Top of Information supplied

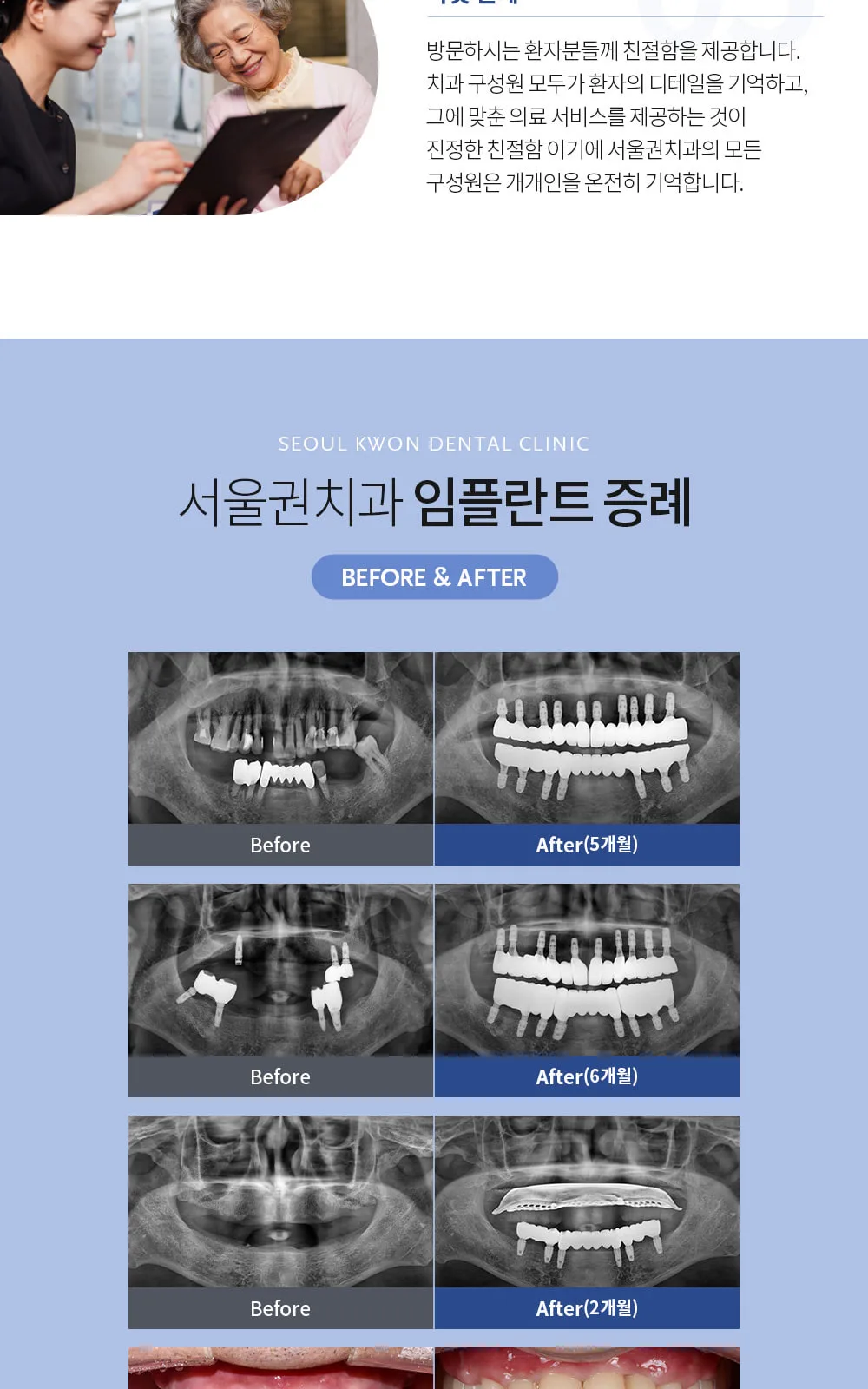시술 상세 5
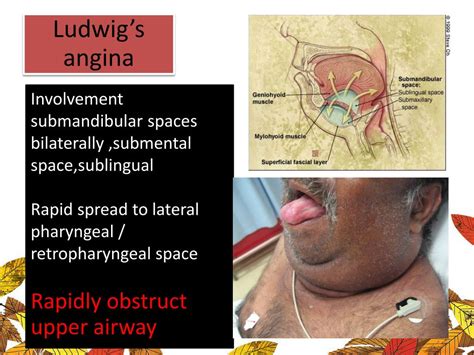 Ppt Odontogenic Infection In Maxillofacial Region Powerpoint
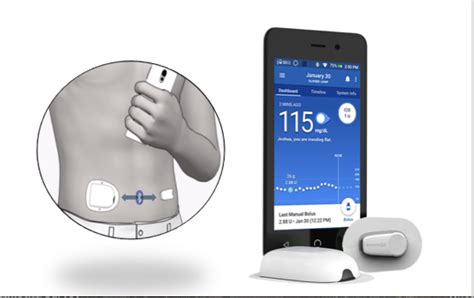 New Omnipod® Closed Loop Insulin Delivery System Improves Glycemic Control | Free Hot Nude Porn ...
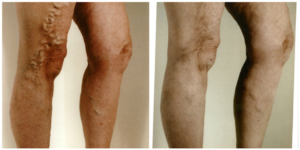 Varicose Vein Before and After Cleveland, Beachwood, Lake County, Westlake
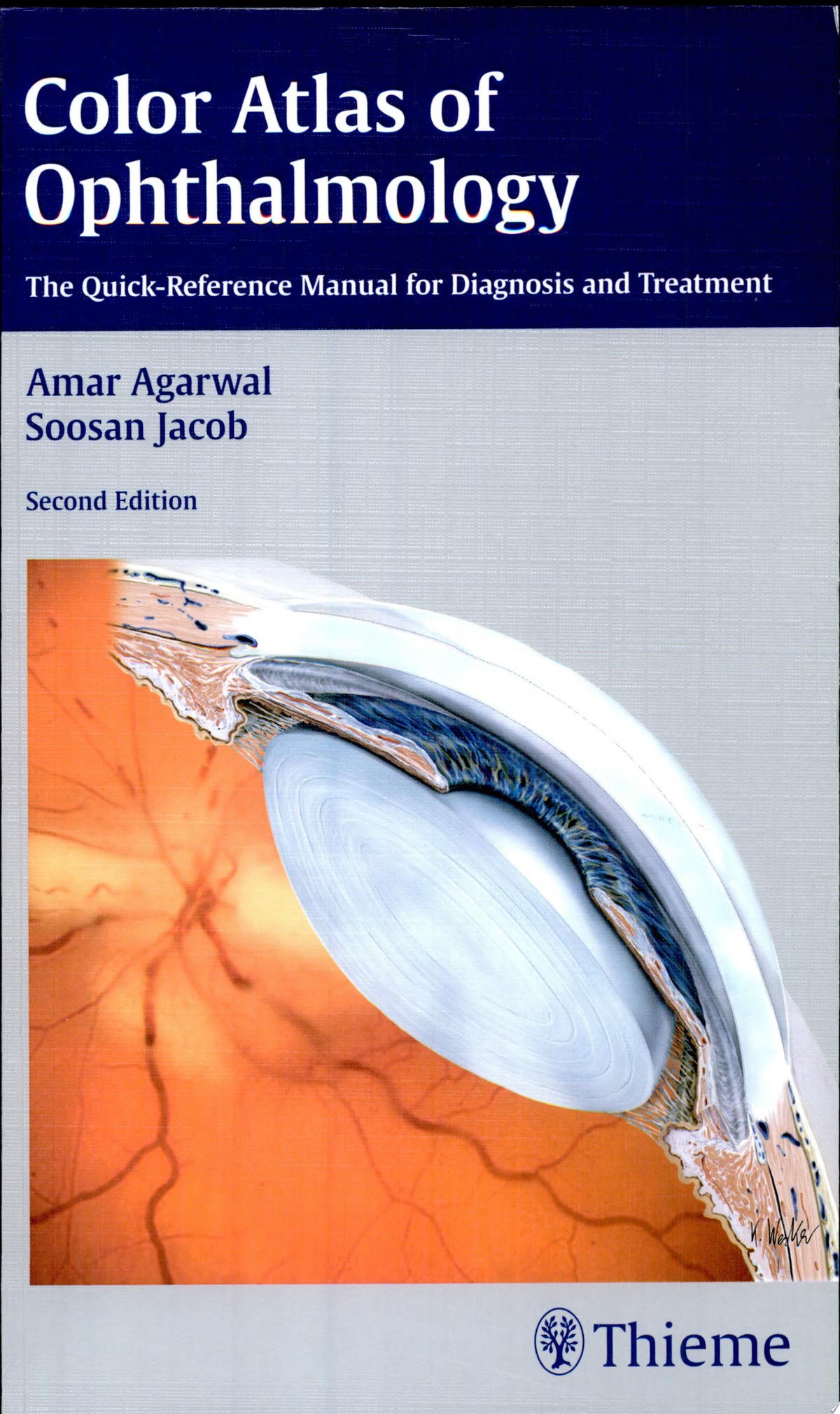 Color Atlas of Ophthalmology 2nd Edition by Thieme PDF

Bottom of Information supplied
Top of Information supplied

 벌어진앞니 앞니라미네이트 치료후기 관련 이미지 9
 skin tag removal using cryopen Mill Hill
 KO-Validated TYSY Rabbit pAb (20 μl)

Bottom of Information supplied

§ Aim of the exercise
Only the lines starting at the one that includes "Ppt Odontogenic Infection" and ending at the one that includes "Varicose Vein Before" should be retyped, exactly, from the records above; no pictures.

§ Exercise response
 Ppt Odontogenic Infection In Maxillofacial Region Powerpoint
 New Omnipod® Closed Loop Insulin Delivery System Improves Glycemic Control | Free Hot Nude Porn ...
 Varicose Vein Before and After Cleveland, Beachwood, Lake County, Westlake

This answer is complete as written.